Configuration Reference¶

Public runtime configuration is now centered on create_client(...) plus grouped config models.

Required Inputs¶

provider: str — provider identifier such as "sharadar" or "yfinance"
api_key: str | None — required for Sharadar, not accepted by the yfinance overload
rate_limit: int — required for Sharadar; the yfinance overload uses an internal default

Top-Level Client Parameters¶

schedule: SchedulerConfig = SchedulerConfig()
quality_check: Literal["warn", "error"] = "warn"
concurrency: int | None = None

Stage logs are always emitted at DEBUG level; the host application controls visibility and formatting via standard logging configuration.

quality_check="warn" records quality-rule violations in RunResult.quality_violations and continues. quality_check="error" raises DataQualityError on the first violating flush.

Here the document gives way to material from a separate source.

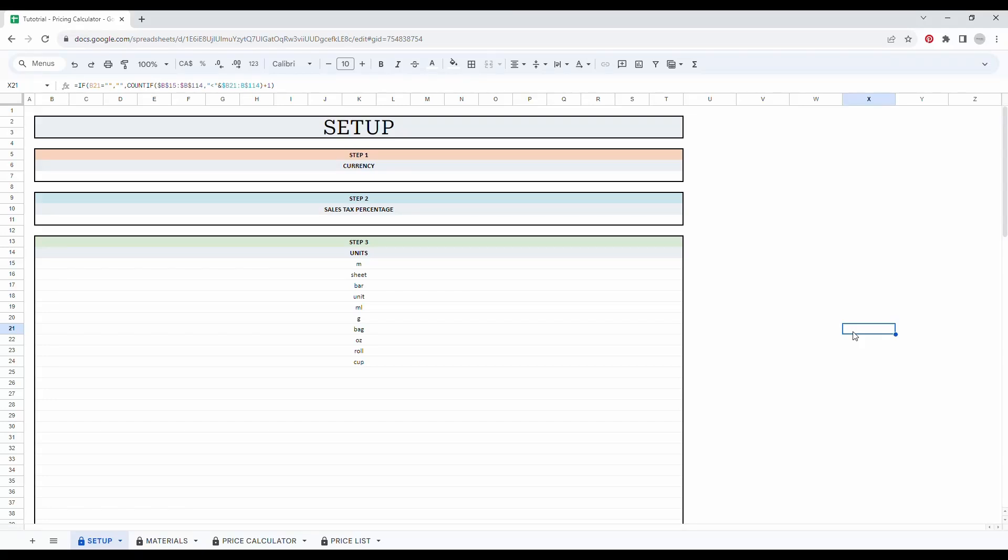Hi and welcome to Priory Digital Studio tutorial. In this video, I will show you how to set up and use your pricing calculator in the most efficient way. I'm using Google Sheets, but the Excel version is exactly the same.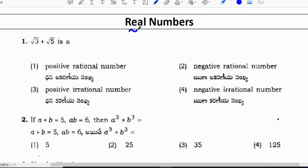Hi everyone. In this video, real numbers questions with answers are discussed. These questions are from previous year Polytechnic question papers. This chapter is relevant for both Telangana and Andhra Pradesh Polytechnic exams.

Provider-Specific Direct Clients¶

Some provider-specific configuration only exists on the concrete client, not on create_client(...).

YFinanceClient¶

pickle_compat_datasets: list[str] | None = None
None or [] disables pickle compatibility
a non-empty list enables pickle fallback only for the named datasets
available on YFinanceClient(...) and on create_client(provider="yfinance", ...)
create_client(provider="yfinance", ...) uses an internal default rate limit and does not accept api_key or rate_limit

Grouped Public Config¶

RetryConfig¶

max_attempts: int
base_backoff_s: float
max_backoff_s: float — must be >= base_backoff_s
backoff_mode: Literal["full_jitter", "equal"]
retry_status_codes: tuple[int, ...]

AdaptiveThrottleConfig¶

enabled: bool
window_s: int
error_rate_threshold: float — in [0, 1]
rpm_floor_ratio: float — in [0, 1]
recovery_factor: float — in [0, 1]
healthy_window_s: int

HTTPConfig¶

max_connections: int
max_keepalive_connections: int
timeout_s: float — HTTP request timeout in seconds

SchedulerConfig¶

quantum: int = 3
max_pending_per_symbol: int | None = None
backpressure_threshold: int | None = None

StorageConfig¶

flush_threshold_rows: int — DuckDB write buffer threshold before flush begins
checkpoint_retention_days: int = 7 — retention window for completed checkpoint state
run_history_retention_days: int = 90 — retention window for run-history records
dlq_tmp_retention_s: int — retention window for DLQ .tmp artefacts

DLQ spooling, periodic cleanup, writer chunking, writer worker count, and memory guard thresholds are internal defaults and are no longer public tuning knobs.

Example¶

from vertex_forager import (
    AdaptiveThrottleConfig,
    HTTPConfig,
    RetryConfig,
    SchedulerConfig,
    StorageConfig,
    create_client,
)

client = create_client(
    provider="sharadar",
    api_key="...",
    rate_limit=300,
    concurrency=4,
    schedule=SchedulerConfig(
        quantum=3,
        max_pending_per_symbol=50,
        backpressure_threshold=120,
    ),
    retry=RetryConfig(max_attempts=3),
    throttle=AdaptiveThrottleConfig(rpm_floor_ratio=1.0),
    limits=HTTPConfig(max_connections=200, max_keepalive_connections=100, timeout_s=30.0),
    storage=StorageConfig(
        flush_threshold_rows=500_000,
        checkpoint_retention_days=7,
        run_history_retention_days=90,
    ),
)